The checklist is shared; the tooling adds specific traps.

kubectl apply

Context and namespace are the classic failure pair. I say them out loud: “Context is prod-eu, namespace is payments.”

Watch server-side apply field ownership if you mix CI and manual edits. The diff you see locally may not be the diff the apiserver merges.

For -f directories, confirm you are not picking up a stray manifest from an old experiment.

--dry-run=server is worth the seconds when the API can validate admission.

Helm

Values files drift from chart defaults in ways that are invisible in a one-line PR. Render and diff.

Chart version bumps can change labels and selectors in ways that orphan ReplicaSets. Read release notes.

Upgrades with --wait — does the reviewer know what “wait” considers success? A broken probe can block forever.

Rollback with Helm is not always symmetric if hooks or CRDs changed. Say that in the brief.

GitOps (Argo CD and kin)

The apply happens later, which is good for review and bad for complacency. Merge is not deploy; sync is deploy. Review both if auto-sync is on.

Watch for override parameters, --force sync options, and prune settings. Prune deletes things not in Git. That is powerful and easy to approve without understanding.

Drift from manual kubectl is a trust problem. If someone patched production last week, your reviewed Git change may fight the cluster at sync time. Cross-check includes “is the live state what we think?”

Multi-source apps and Helm umbrellas multiply diff noise. Slow down when the PR touches three charts and a Kustomize overlay.

PM and ticket mindset without the PM title

You do not need a project manager to think like one for config changes. You need a brief.

Before the review, the author writes five lines in the ticket or PR description:

User or system outcome expected.
Clusters/namespaces affected.
Rollback steps.
Metrics or logs to watch for fifteen minutes after.
Owner on call if it goes wrong.

The reviewer checks the change against those five lines. If the diff solves a different problem than the ticket, stop.

This is how flight briefings worked: same data, two people, explicit go/no-go.

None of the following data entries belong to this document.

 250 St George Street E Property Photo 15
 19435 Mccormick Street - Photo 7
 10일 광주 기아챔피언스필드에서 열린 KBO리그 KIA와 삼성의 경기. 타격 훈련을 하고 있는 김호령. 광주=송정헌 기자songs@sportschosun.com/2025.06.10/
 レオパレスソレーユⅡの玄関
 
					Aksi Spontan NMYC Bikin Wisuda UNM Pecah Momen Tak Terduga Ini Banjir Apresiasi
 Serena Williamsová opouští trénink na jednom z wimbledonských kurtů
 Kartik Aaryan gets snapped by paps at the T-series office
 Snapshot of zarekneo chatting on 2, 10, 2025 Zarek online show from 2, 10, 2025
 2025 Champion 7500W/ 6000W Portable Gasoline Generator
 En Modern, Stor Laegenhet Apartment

The PM mindset is really “no surprise changes.” Surprises belong in incidents, not in deploys.

When to escalate beyond a peer review

Some changes deserve a wider room:

First apply of a new CRD or operator with cluster-wide permissions.
IAM, cert trust, or identity provider changes.
Storage class or default StorageClass changes.
Network paths for regulated data.
Anything that touches shared platform namespaces other teams rely on.

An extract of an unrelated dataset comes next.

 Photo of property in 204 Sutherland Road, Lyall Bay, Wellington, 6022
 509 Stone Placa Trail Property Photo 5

Escalation is not shame. It is scope recognition.

I have seen teams skip this because the YAML looked small. A ten-line ClusterRoleBinding can grant more than a hundred-line Deployment.

What I still get wrong

I rush when I am the expert. Expertise makes me skip read-back because “I have done this a hundred times.” That is when I apply the wrong overlay.

I treat Git merge as done when it is only halfway. The PR was reviewed; the sync at 2 a.m. was not.

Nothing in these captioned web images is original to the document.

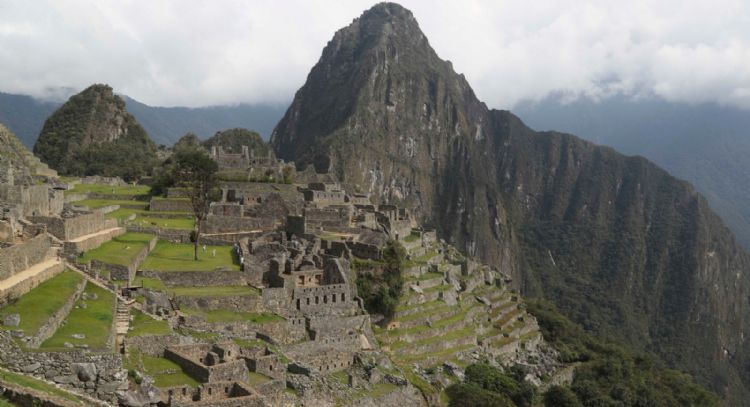 Turistas afectados por bloqueos de vía férrea hacia Machu Picchu en el sur de Perú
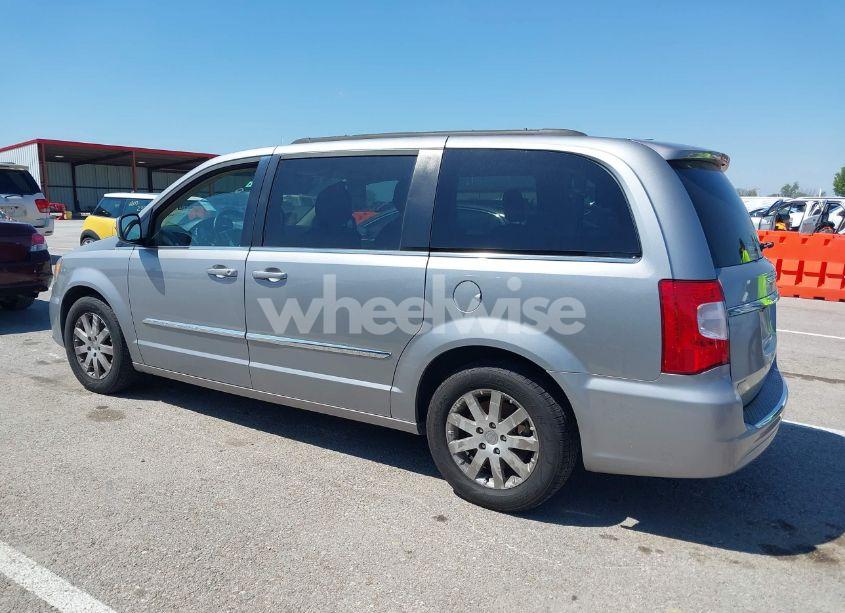 Photo 14 of 2016 Chrysler Town & COUNTRY TOURING (VIN 2C4RC1BG7GR246347)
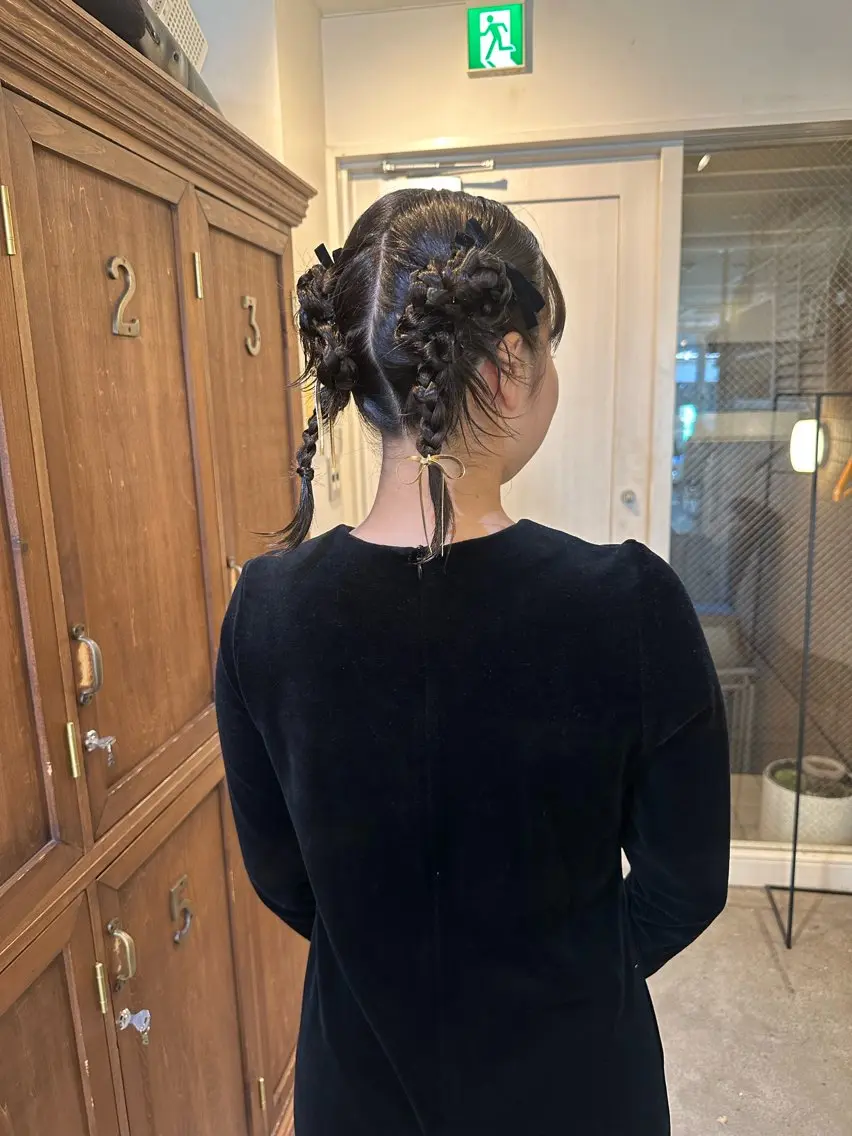 ミディアム ヘアアレンジ 三つ編み ヘアセット カットモデル募集中 ／HARUKA🎀のヘアスタイル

I forget that reviewers need context time. Dropping a PR and pinging “need this in ten minutes” guarantees theater.

I solo-apply when I am embarrassed about the mistake that led to the fix. Embarrassment is not a risk model.

Closing

Cross-checking config is not about distrust of individuals. It is about respecting complexity and human limits. Aviation did not invent this because copilots are decorative. It invented it because the approach is safer when two people agree on what the instruments say.

Try it on the next change that would wake someone up if it failed: a peer, a short checklist, a read-back of context and rollback. No guru required. Just a habit that survives tired Tuesday afternoons.

If you want one concrete starting point, add a PR template field: “Reviewer verified cluster/namespace and rollback.” Check that box only after someone other than the author says it out loud. Small friction, real safety.